Rule of thumb: pull for long-lived services, push for ephemeral jobs. A web server lives for weeks — it exposes /metrics and lets Prometheus scrape it; a failed scrape is a free liveness signal. A 200ms Lambda or a cron job dies before any 15-second scrape could reach it — it pushes (to a Pushgateway or an OTLP collector) and exits.

Pull's bonuses: the scrape itself tells you "is it up?" for free, and the server controls the sampling interval centrally. Pull's cost: service discovery — the server must know every target. Push inverts both: targets need to know the collector, and "is it up?" needs a separate heartbeat (silence is ambiguous — dead, or just idle?).

What-if — "Prometheus is pull, but I have ephemeral jobs — what do I do?" Pushgateway for batch jobs (they push their final metrics before exiting; Prometheus scrapes the gateway). But Pushgateway is a cache with footguns: it holds the last pushed value forever (stale metrics linger after the job is gone unless you delete them), and it's a single point of aggregation. The modern answer is often an OTel Collector receiving OTLP push and re-exposing for scrape, or remote-write.
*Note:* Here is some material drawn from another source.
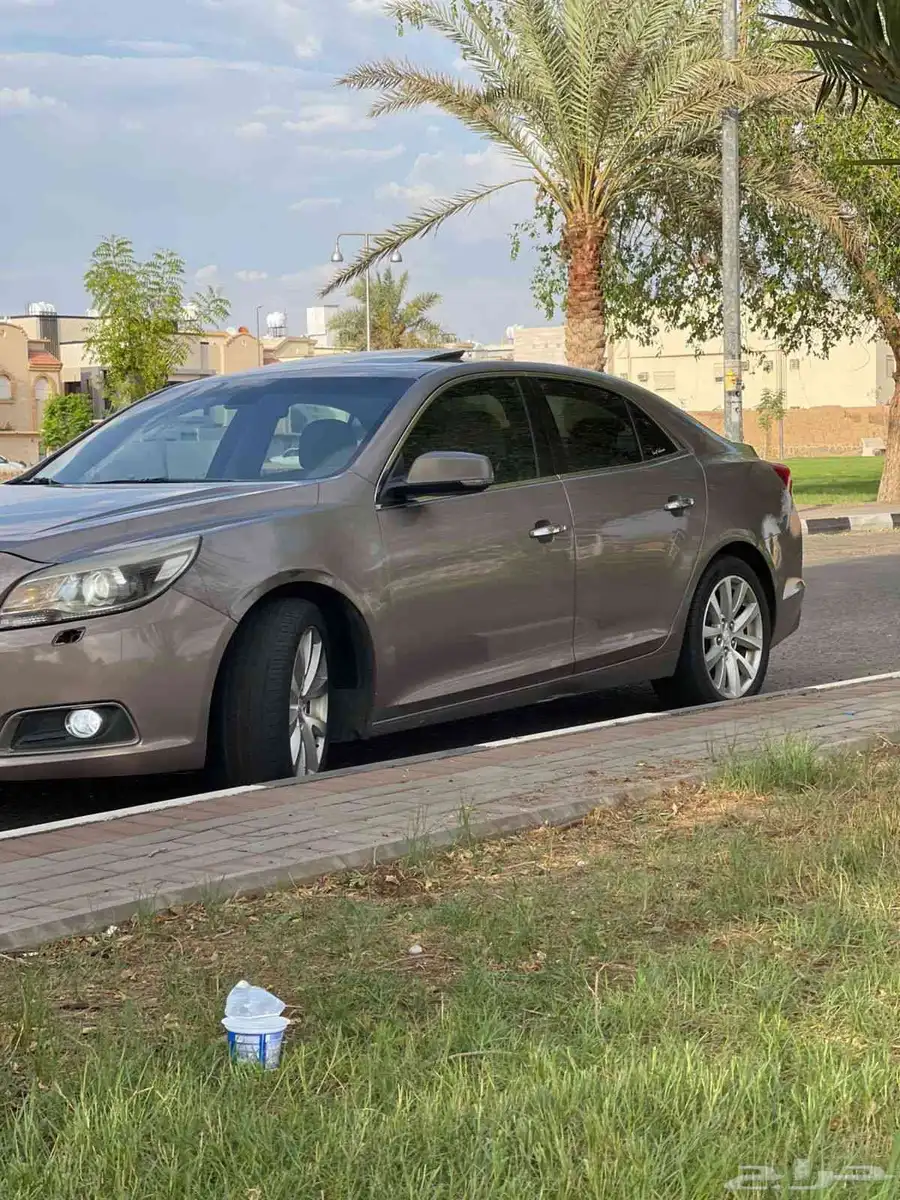 ماليبو LTZ 0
What-if — "How does Prometheus do service discovery in Kubernetes?" It queries the Kubernetes API (kubernetes_sd_config) for pods/services/endpoints, then uses relabeling to decide which to scrape (e.g. only pods with a prometheus.io/scrape: true annotation) and on which port/path. Targets appear and disappear automatically as pods churn.
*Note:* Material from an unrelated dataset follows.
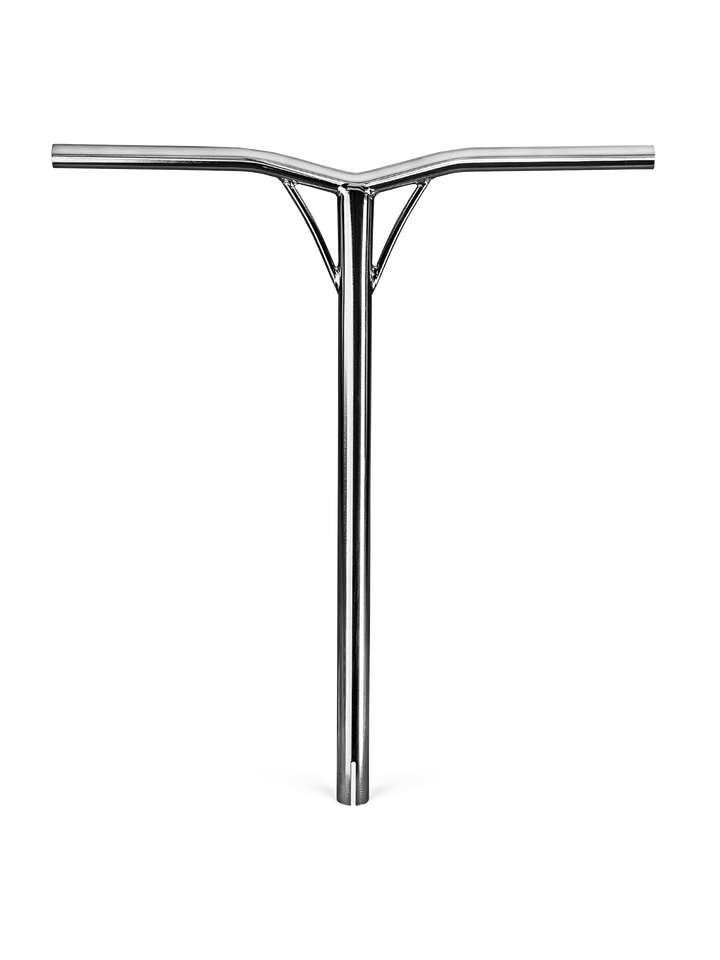 Movino Y-Bar Chrome Steel – Neo Silver (64 cm)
Q: Where does OpenTelemetry fit in the metrics picture?

OpenTelemetry (OTel) is a vendor-neutral standard for instrumenting and exporting telemetry — metrics, traces, logs — over a common protocol (OTLP). For metrics specifically: you instrument once against the OTel API (Counter, UpDownCounter, Histogram, Gauge, plus async/observable variants), and the OTel SDK exports via OTLP to an OTel Collector, which can then fan out to Prometheus, a vendor backend, or several at once.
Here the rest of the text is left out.